Write out the whole listing below exactly, skipping each picture.

[[ Raw data open ]]

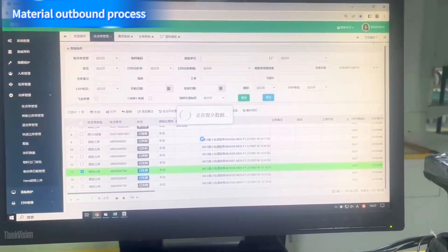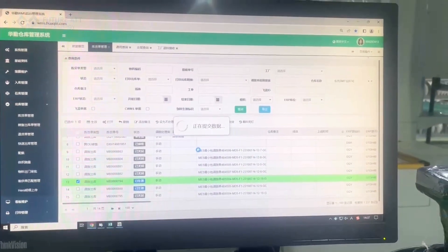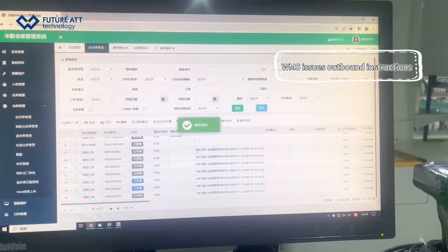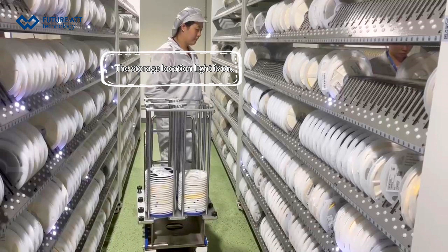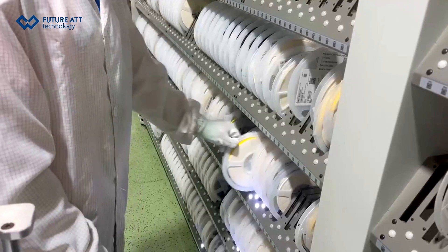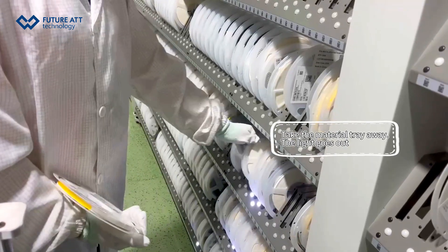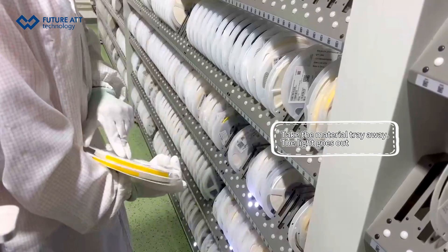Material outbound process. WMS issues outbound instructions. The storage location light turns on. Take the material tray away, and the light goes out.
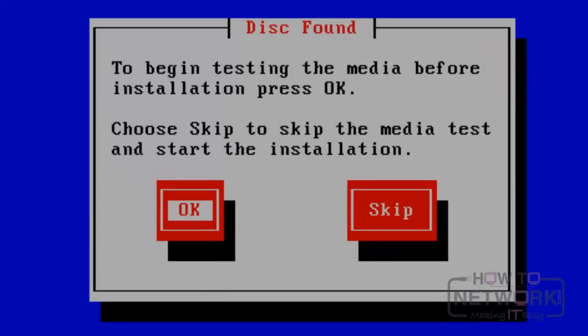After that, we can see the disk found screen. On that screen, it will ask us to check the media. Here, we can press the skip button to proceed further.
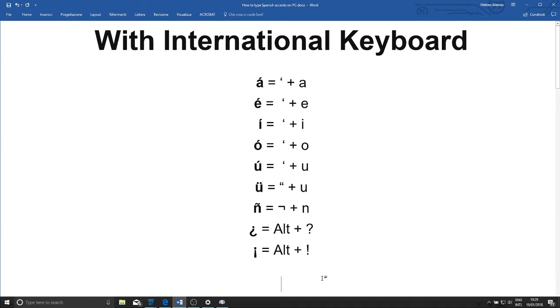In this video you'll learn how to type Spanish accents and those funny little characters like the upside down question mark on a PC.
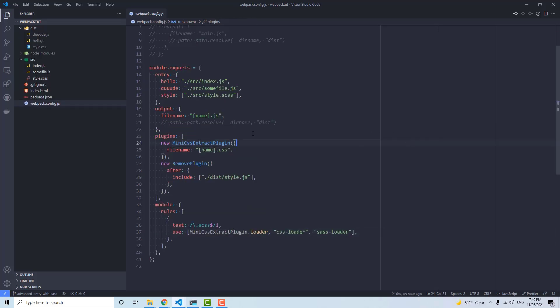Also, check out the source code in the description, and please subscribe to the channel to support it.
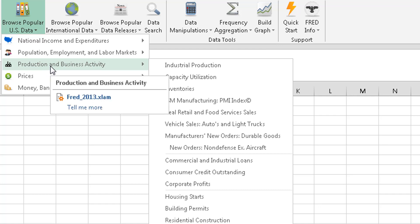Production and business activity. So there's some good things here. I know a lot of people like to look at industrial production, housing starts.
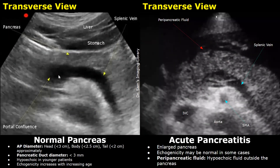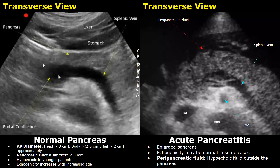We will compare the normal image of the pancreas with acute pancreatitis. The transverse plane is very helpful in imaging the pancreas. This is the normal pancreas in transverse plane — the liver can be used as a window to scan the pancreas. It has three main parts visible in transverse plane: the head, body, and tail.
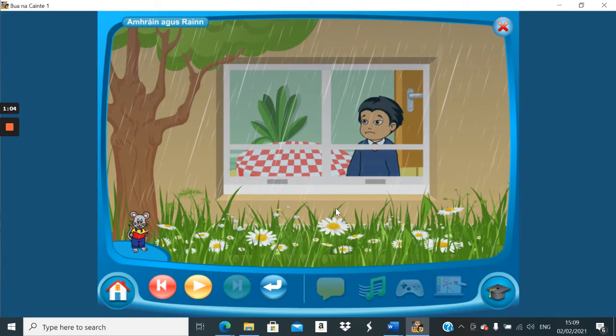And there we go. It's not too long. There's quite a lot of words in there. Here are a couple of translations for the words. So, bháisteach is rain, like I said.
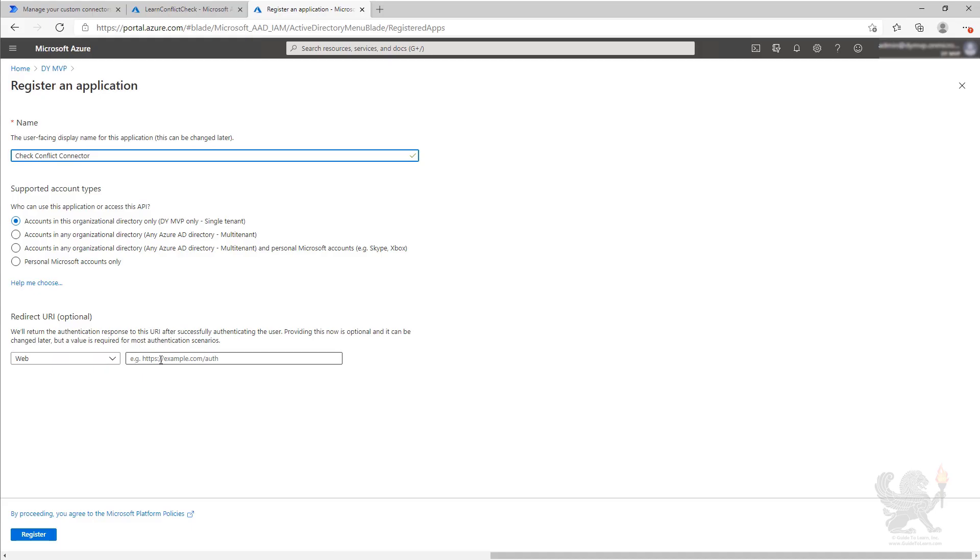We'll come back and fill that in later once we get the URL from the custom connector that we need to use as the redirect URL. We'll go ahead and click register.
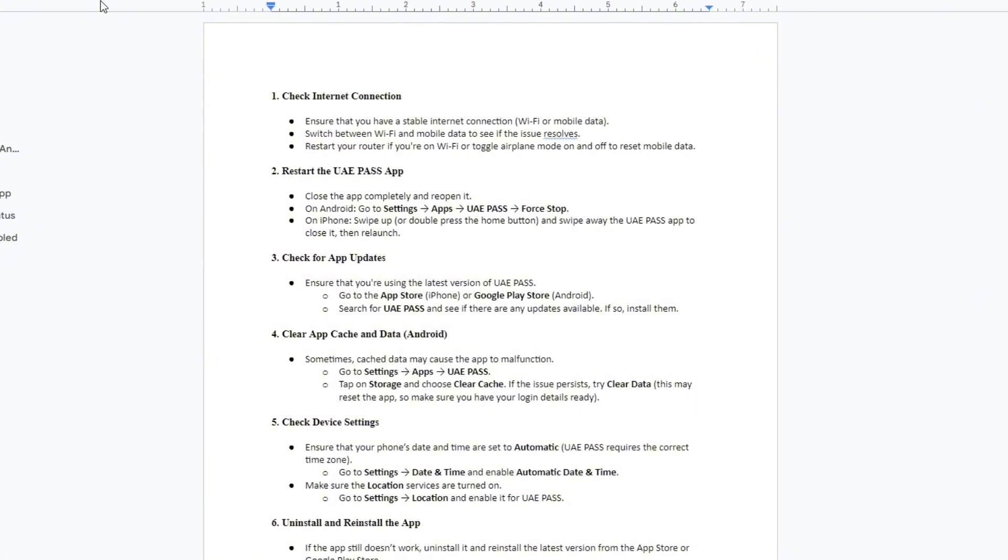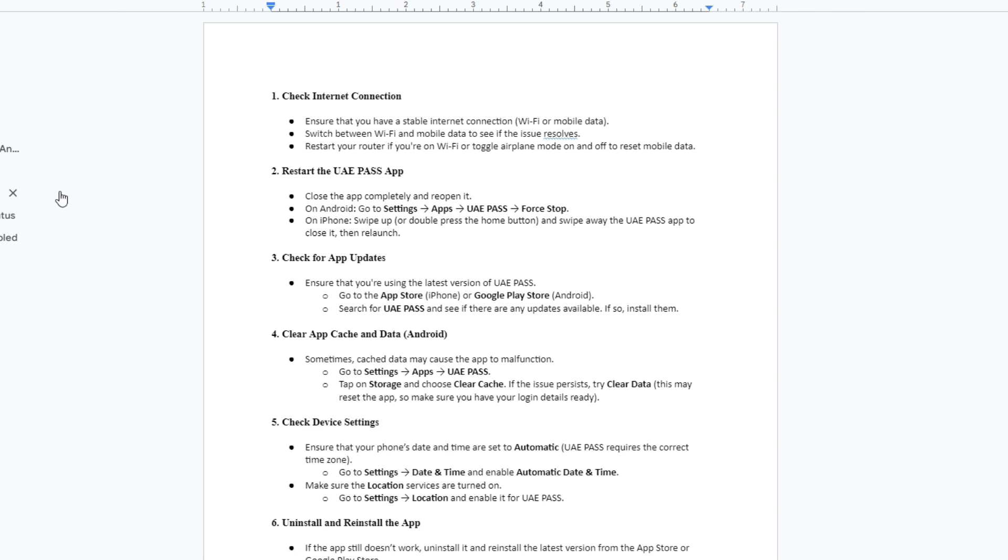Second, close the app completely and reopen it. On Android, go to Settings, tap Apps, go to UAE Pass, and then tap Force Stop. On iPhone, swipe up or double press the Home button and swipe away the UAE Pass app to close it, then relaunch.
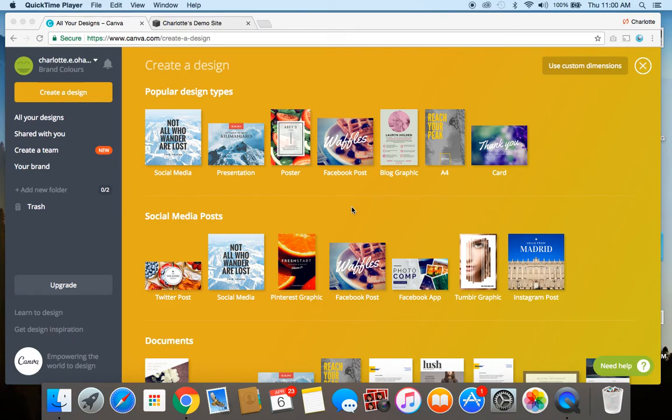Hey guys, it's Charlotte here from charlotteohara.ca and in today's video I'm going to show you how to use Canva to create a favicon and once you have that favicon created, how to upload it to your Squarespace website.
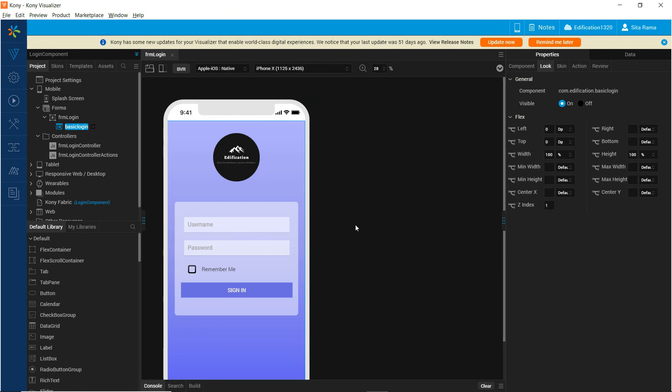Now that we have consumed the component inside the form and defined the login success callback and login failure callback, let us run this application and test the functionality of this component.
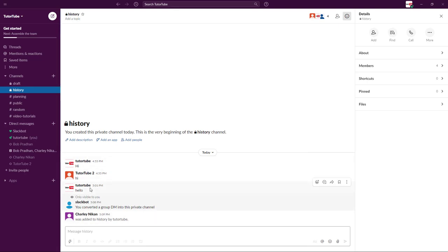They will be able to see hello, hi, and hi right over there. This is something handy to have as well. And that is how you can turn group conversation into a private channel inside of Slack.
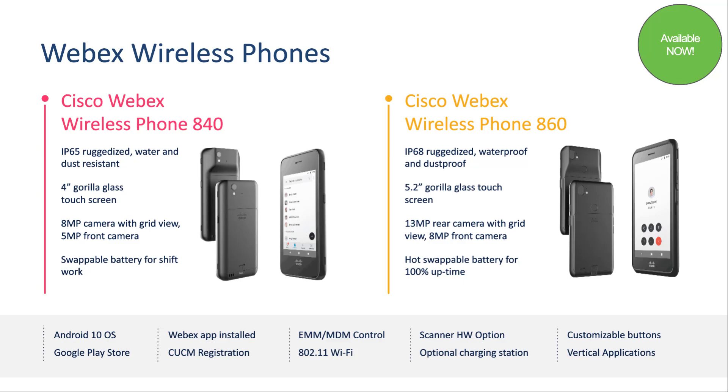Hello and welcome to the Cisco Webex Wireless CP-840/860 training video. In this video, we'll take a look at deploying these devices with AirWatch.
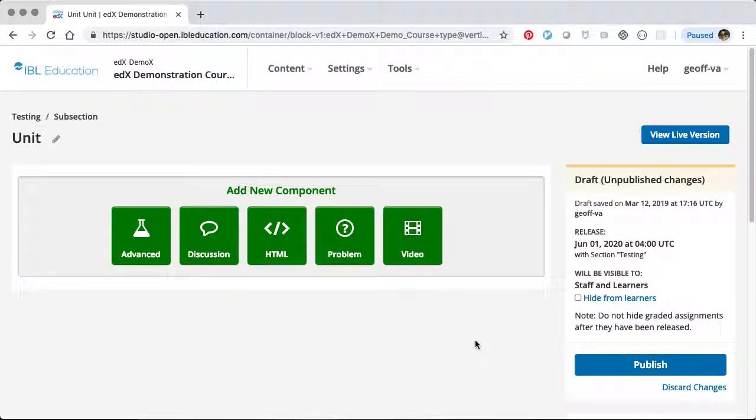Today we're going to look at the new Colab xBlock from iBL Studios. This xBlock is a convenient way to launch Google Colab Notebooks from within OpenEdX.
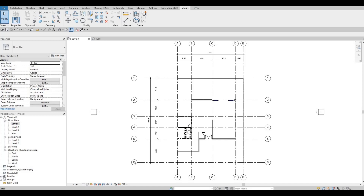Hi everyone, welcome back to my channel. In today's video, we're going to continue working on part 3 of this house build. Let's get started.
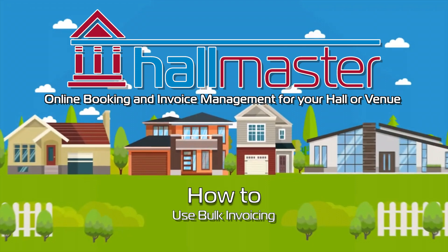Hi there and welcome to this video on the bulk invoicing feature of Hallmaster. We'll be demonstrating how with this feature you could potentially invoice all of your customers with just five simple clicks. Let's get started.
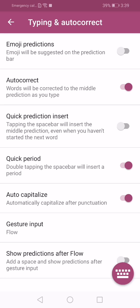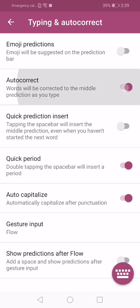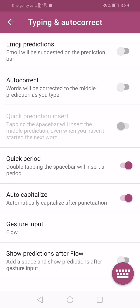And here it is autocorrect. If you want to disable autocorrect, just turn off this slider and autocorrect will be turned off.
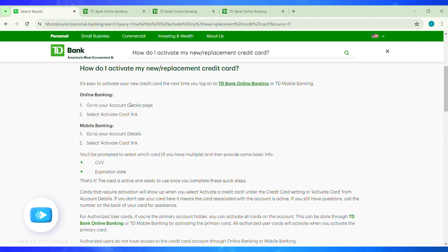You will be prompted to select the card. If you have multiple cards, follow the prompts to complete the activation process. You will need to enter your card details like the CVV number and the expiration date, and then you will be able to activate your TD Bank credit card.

[[ Raw data closed ]]

[Written solution]:
Material outbound process. WMS issues outbound instructions. The storage location light turns on. Take the material tray away, and the light goes out.
After that, we can see the disk found screen. On that screen, it will ask us to check the media. Here, we can press the skip button to proceed further.
In this video you'll learn how to type Spanish accents and those funny little characters like the upside down question mark on a PC.
Also, check out the source code in the description, and please subscribe to the channel to support it.
Production and business activity. So there's some good things here. I know a lot of people like to look at industrial production, housing starts.
We will compare the normal image of the pancreas with acute pancreatitis. The transverse plane is very helpful in imaging the pancreas. This is the normal pancreas in transverse plane — the liver can be used as a window to scan the pancreas. It has three main parts visible in transverse plane: the head, body, and tail.
And there we go. It's not too long. There's quite a lot of words in there. Here are a couple of translations for the words. So, bháisteach is rain, like I said.
We'll come back and fill that in later once we get the URL from the custom connector that we need to use as the redirect URL. We'll go ahead and click register.
Second, close the app completely and reopen it. On Android, go to Settings, tap Apps, go to UAE Pass, and then tap Force Stop. On iPhone, swipe up or double press the Home button and swipe away the UAE Pass app to close it, then relaunch.
Hey guys, it's Charlotte here from charlotteohara.ca and in today's video I'm going to show you how to use Canva to create a favicon and once you have that favicon created, how to upload it to your Squarespace website.
Now that we have consumed the component inside the form and defined the login success callback and login failure callback, let us run this application and test the functionality of this component.
They will be able to see hello, hi, and hi right over there. This is something handy to have as well. And that is how you can turn group conversation into a private channel inside of Slack.
Hello and welcome to the Cisco Webex Wireless CP-840/860 training video. In this video, we'll take a look at deploying these devices with AirWatch.
Today we're going to look at the new Colab xBlock from iBL Studios. This xBlock is a convenient way to launch Google Colab Notebooks from within OpenEdX.
Hi everyone, welcome back to my channel. In today's video, we're going to continue working on part 3 of this house build. Let's get started.
Hi there and welcome to this video on the bulk invoicing feature of Hallmaster. We'll be demonstrating how with this feature you could potentially invoice all of your customers with just five simple clicks. Let's get started.
And here it is autocorrect. If you want to disable autocorrect, just turn off this slider and autocorrect will be turned off.
You will be prompted to select the card. If you have multiple cards, follow the prompts to complete the activation process. You will need to enter your card details like the CVV number and the expiration date, and then you will be able to activate your TD Bank credit card.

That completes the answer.